Your translations are correct. In particular, in Italian the indefinite article can never have plural meaning (although it can have collective meaning), as in English. Sometimes you can use the partitive article ("dei"), but it is not very common.
I have no systematic knowledge of when you use the articles in the two languages, but I would say that regarding the usage of the indefinite article they are quite similar. Incidentally the sentence I have just written provides a counterexample:
I have no systematic knowledge of ...
becomes
Non ho una conoscenza sistematica di ...
On the other hand
I go running once a week
becomes
Vado a correre una volta alla settimana
Here the indefinite article becomes preposition + definite article.
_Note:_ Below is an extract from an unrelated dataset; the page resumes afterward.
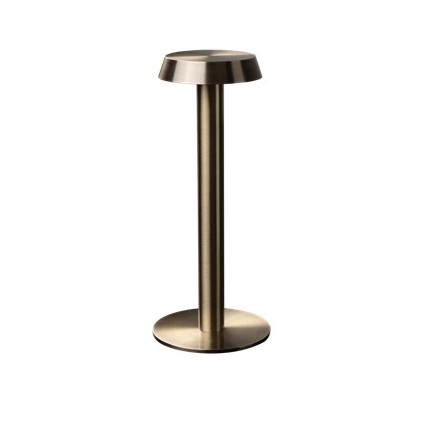 Unios Lighting Antique Brass Rechargeable Touch Lamp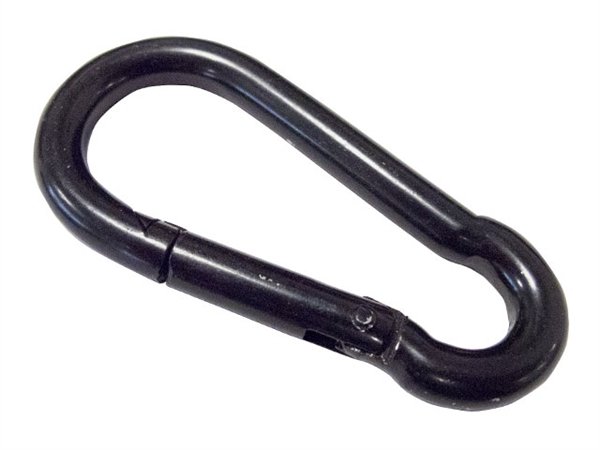 Karabiner 8 cm schwarz Karabiner 8 cm schwarz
However, differently from the first example which is applicable to more or less every negative sentence, the second example seems to me more specific, tied to a particular idiomatic construction in English.
So, I would say that the usage of indefinite articles is mostly similar, except in negative sentences like mine above where the English particle "no" stands in the position of an indefinite article. Since Italian has no way to produce a negation just by changing an article or pronoun (you always have to negate the verb itself with "non"), the English "no" particle has to be traslated with an entirely negative sentence; so the "no" particle itself can become an ordinary indefinite article (it could also become "alcuno" or "nessuno", which are more properly translations for "any" and would stress even more the negation in Italian). Then there are many other situations where the usage of the definite or indefinite article (or no article at all) depends on a specific idiom.
Let me just mention an occurrence which I find funny: the three expressions "il giovedì", "un giovedì", "giovedì" roughly translate to English as "(usually) every Thursday", "one of the next Thursdays (when we have time, probably)" and "next Thursday".
For the definite article the issue is more involved. Again, I have no systematic knowledge, but my general feeling is that English tends to use it a bit less. For example it does not use it in front of uncountable nouns and plural nouns with a specification:
Little children are pretty
which in Italian is
I bambini piccoli sono carini
However the matter is much more complicated and is not the subject of your question.